Такое наблюдение приносит ненадежные и противоречивые познания, — рассуждает Паломар, — нисколько не похожие на те, какие добывали древние. Не потому ли, что общенье с небом у него нерегулярное и возбужденное, а не вошло в спокойную привычку? Примись он созерцать созвездия из ночи в ночь, из года в год, следить за их периодическим движением по округлым колеям окутанного тьмою свода, может, и к нему в конце концов пришло бы ощущение непрерывного и неизменного течения времени, не связанного с быстротечным, фрагментарным временем земных событий. Но довольно ли для этого внимательного наблюдения за обращением светил? И не важней ли внутреннее превращение Пало-мара, допустить которое готов он лишь теоретически, будучи не в силах представить ощутимого его влияния на свои эмоции, на ритм мышления?
Мифологические знания о звездах доходят до него лишь блеклым отсветом, научные — лишь отголосками, через газеты; тому, что знает, он не доверяет, то, чего не знает, повергает Паломара в беспокойство. Удрученный, неуверенный, он нервничает над астрономическими картами, будто лихорадочно просматривает в поисках удобной пересадки расписание движения поездов.
Вот прочертила в небе борозду горящая стрела. Наверно, метеор. Как раз в эти ночи больше падающих звезд. А впрочем, может быть, и огоньки какого-нибудь рейсового самолета. Взгляд синьора Паломара бдителен, готов к любым явлениям, беспристрастен.
Он сидит в шезлонге на темном пляже уже полчаса, изгибаясь то к северу, то к югу, временами зажигая лампочку, поднося под нос разложенные на коленях карты; потом запрокидывает голову и снова начинает наблюдение, взяв за ориентир Полярную Звезду.
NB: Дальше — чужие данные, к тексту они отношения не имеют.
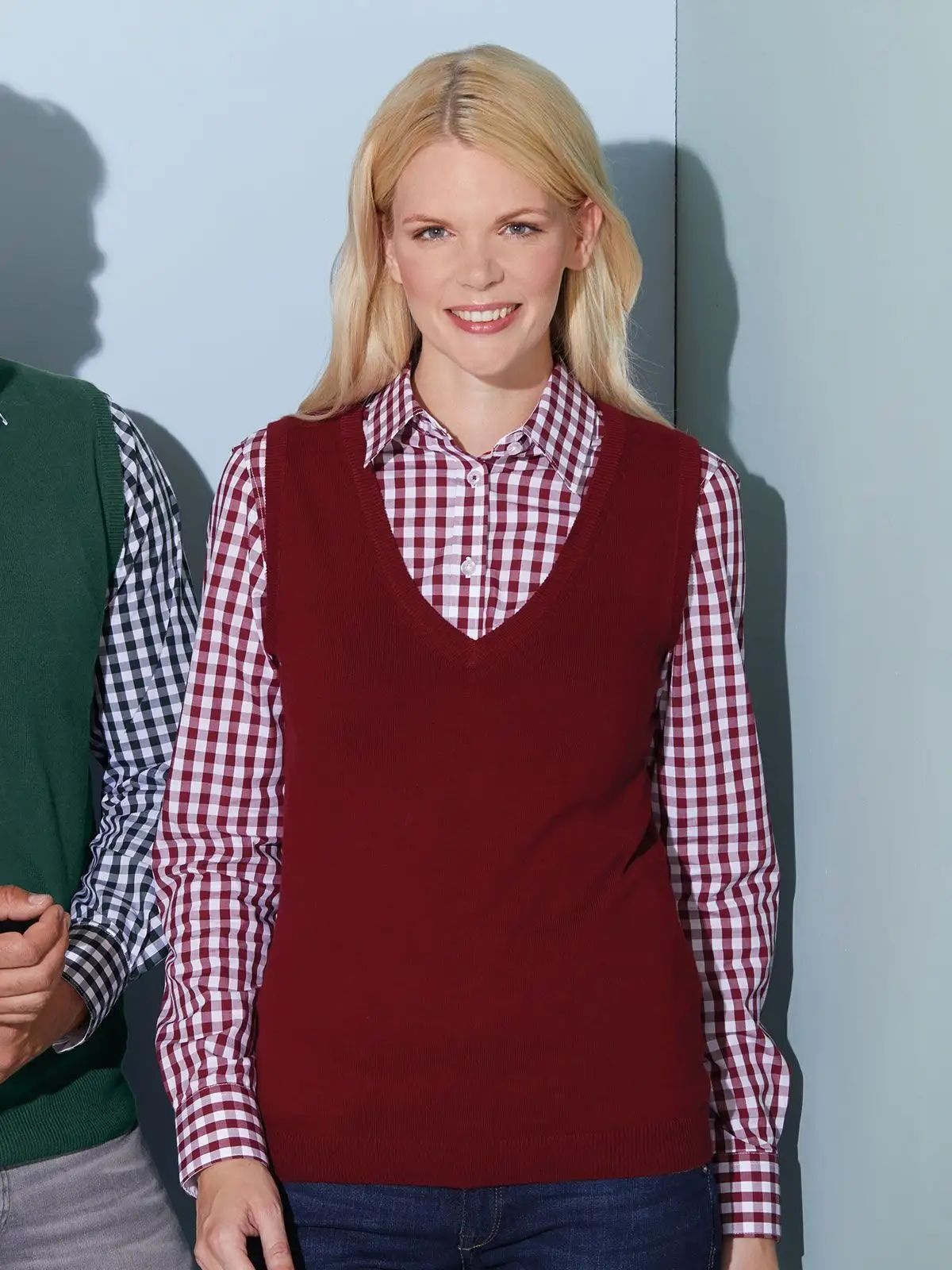 Ladies' V-Neck Pullover - Daiber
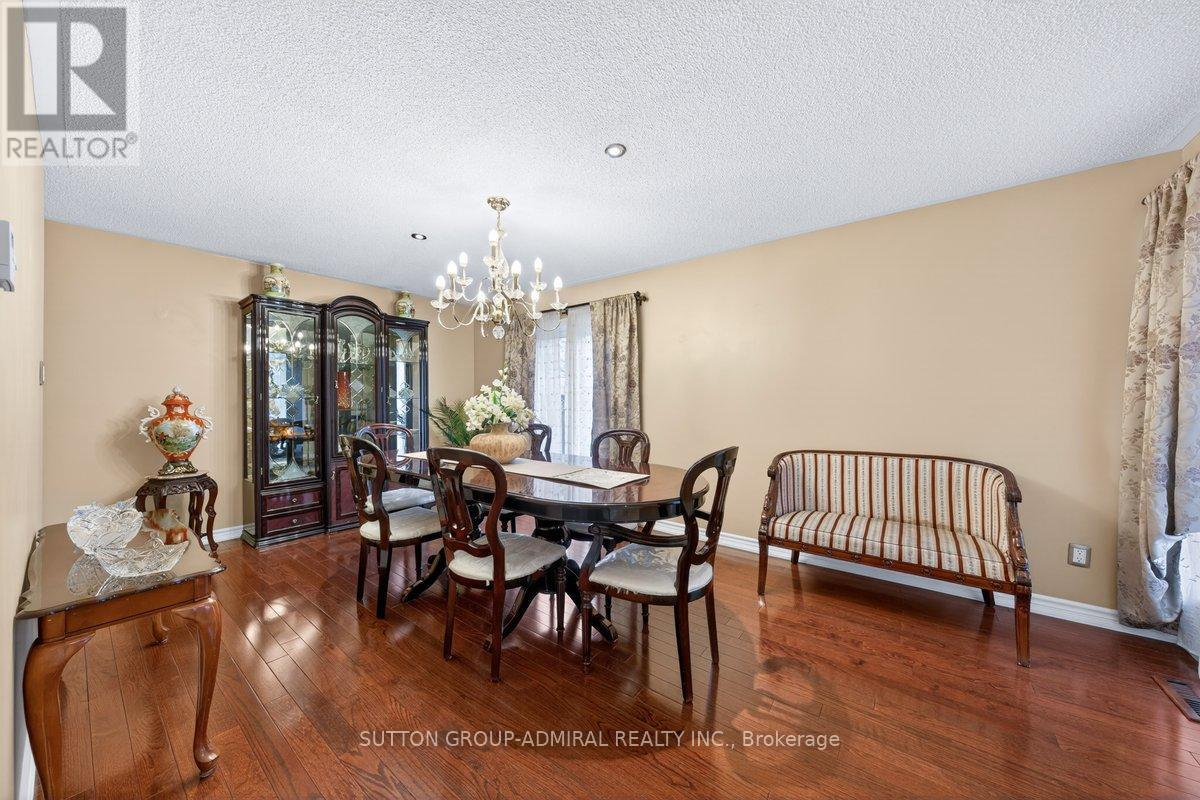 126 Redondo Drive E, Vaughan, ON - Indoor Photo Showing Dining Room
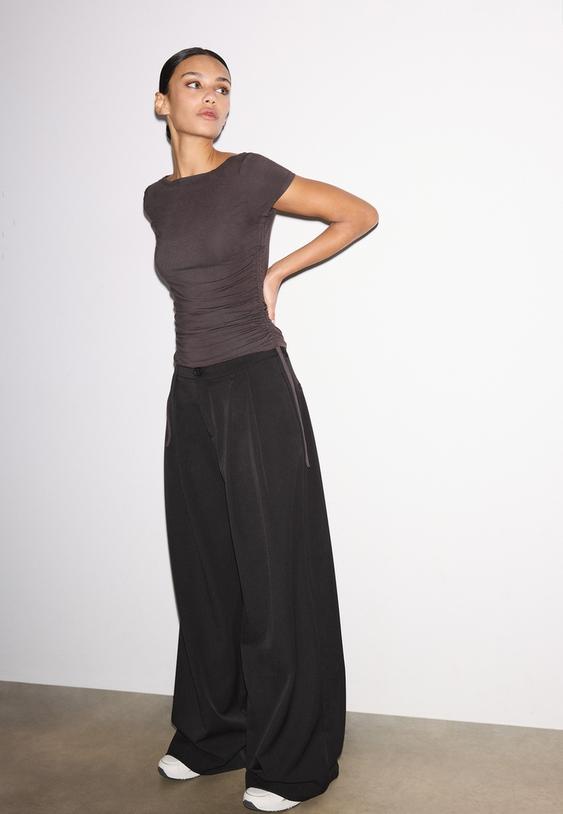 camiseta manga corta frunce lateral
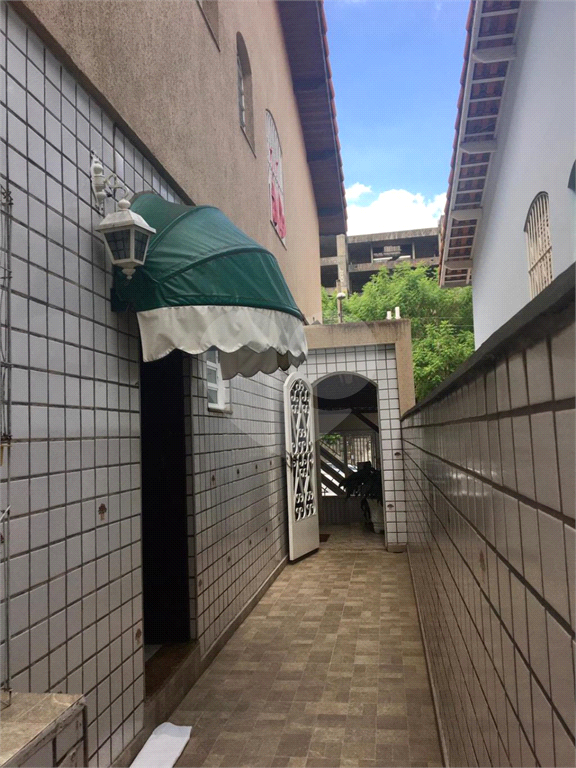 Sobrado à venda com 175m² de área construida com 3 dormitórios, localizado no bairro da Vila Rosália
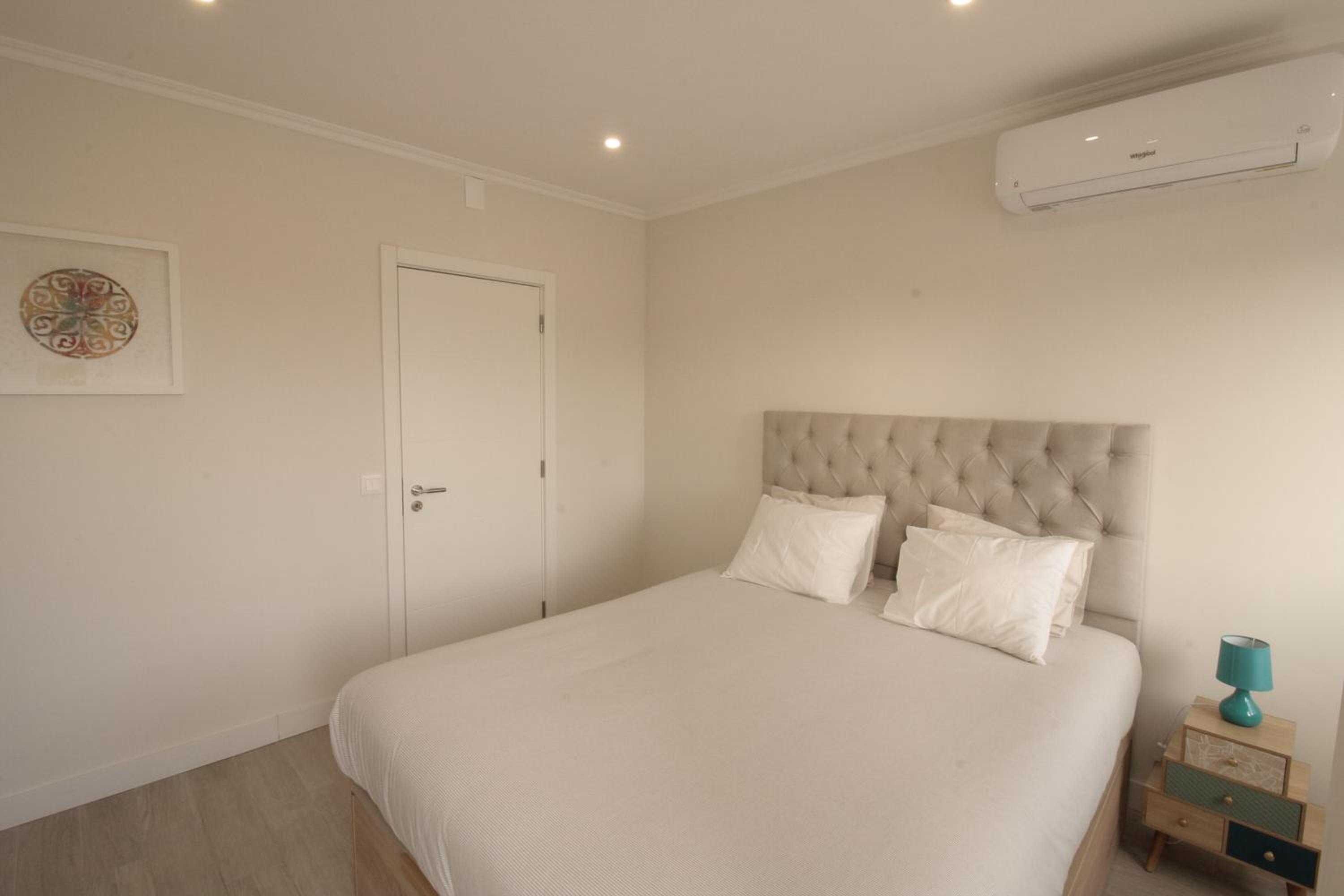 One-Bedroom Apartment - Photo 39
По песку бесшумно скользят тени; от дюны отделяются влюбленные, ночной любитель рыбной ловли, лодочник, таможенник. Услышав шепот, Паломар оглядывается. Кучка любопытных, стоя в нескольких шагах, наблюдает за его движениями, как за конвульсиями психически больного.

ПАЛОМАР В ГОРОДЕ
ПАЛОМАР НА ВЕРАНДЕ
С веранды
Кыш! Кыш! — Паломар торопится прогнать с веранды голубей, которые там лакомятся листьями гадзании, дырявя клювами ее мясистые растения, вцепляются в каскады колокольчиков, ощипывают ежевику, склевывают листики петрушки в ящике напротив кухни, роются в вазонах, выворачивая землю и оголяя корни, будто специально, чтобы все здесь разорить. Тех голубей, которые своим порханием оживляли площади, сменили дегенеративные разносчики заразы, племя не домашнее, не дикое, а как бы неотъемлемая часть общественных установлений и поэтому неистребимое. Несметное число этих люмпен-пернатых уже давно властвует над римским небом, осложняя жизнь прочих птиц и подавляя некогда свободное изменчивое царство воздуха своим облезлым монотонным оперением, отливающим свинцом.
Теснимый полчищами крыс, кишащих под землей, и грузным лётом голубей, древний город позволяет разрушать себя как снизу, так и с воздуха, сопротивляясь им не больше, чем когда-то варварам, как будто признавая: это не нашествие врагов извне, а проявление самых темных импульсов, искони свойственных его натуре.
Но у города есть и другие души; одна из них живет согласием, что царит между старыми камнями и все время обновляющейся зеленью, которые вовсе друг другу не мешают наслаждаться милостями солнца.